Posts Tagged ‘horizons’

Sketchbook drawings from Ireland

December 4, 2011

Spent a couple of days scanning in pages from some of my Balinglen Sketchbooks to send to someone.  A boring chore but actually it was lovely to look again at those images and remember the when the where the light the weather and the things I had forgotten about. Realised there are some many ideas here that I want to take further.


London, Maine, New York.

June 13, 2011

May has been quite a month.  The highlights were the very successful opening of A Field Guide to Getting Lost at the Pelavin Gallery in New York and spending a wonderful week with fellow Pelavin Gallery artist Kate Beck in Maine.  My month started with Juan Miro at Tate Modern, interesting but not really my thing, continued with, Richard Serra at The Metropolitan Museum of Art NY, Eva Hesse and Sol Le Witt drawings, more Serra, Arshile Gorky and Cy Twombly at Gagosian and ended with the Donald Judd exhibition at David Zwirner Gallery, New York all of which were definitely my thing.  In Maine, apart from eating lobster, de rigueur in that part of the world, and being entranced by clapboard houses,  the yellowness of yellow school buses and the amazing bird life it was yet again the sea which grabbed my attention.  Shrouded in mist, day in day out, it was mysterious, all-enveloping and  an irresistible drawing resource.

Piercing the grey mist and the oily surface of the sea at Popham Beach near Bath ospreys fished watched by seals  and groups of cormorants.  In Harpswell a  kamekase American Robin, much bigger than its European counterparts, acted the part of either Othello or Narcissus in its  love hate affair with car wing  mirrors. Blackbirds with red/orange splodges on their sides were everywhere and just once I glimpsed a beautiful red and yellow Baltimore Oriel.  I saw art too.  The Biennial exhibition was  on at Portland Museum and a beautiful installation of large scale drawings of trees using text as line on clear film particularly caught my eye.

Avy Claire  For the Trees  2008.  rapidograph on polyester film.

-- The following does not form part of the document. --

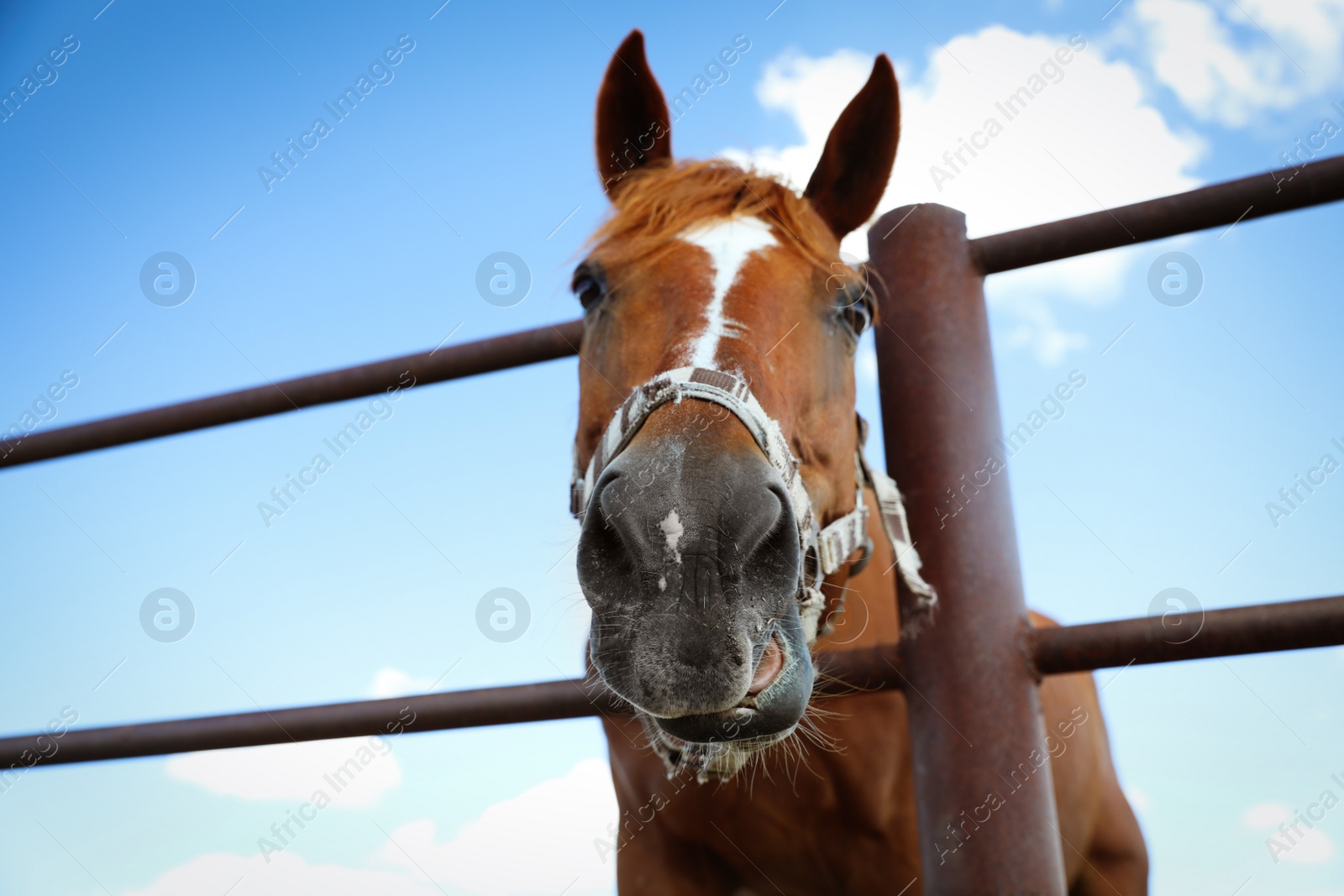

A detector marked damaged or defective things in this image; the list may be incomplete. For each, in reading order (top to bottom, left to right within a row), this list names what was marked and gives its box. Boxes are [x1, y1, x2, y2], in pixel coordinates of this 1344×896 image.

rusty fence post [874, 206, 1068, 887]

Once in New York it was the not the yellowness of the taxis which caught my eye more a case of being glad I was sitting in the back with a seatbelt on!  The show at Pelavin looked really sharp – not a piece out of place and the work hung together really well.  The preview was stuffed full of people, like sardines.   Like many previews more talking and drinking than looking but people spilled out onto the street in a cacophonous mass creating a real buzz of excitement.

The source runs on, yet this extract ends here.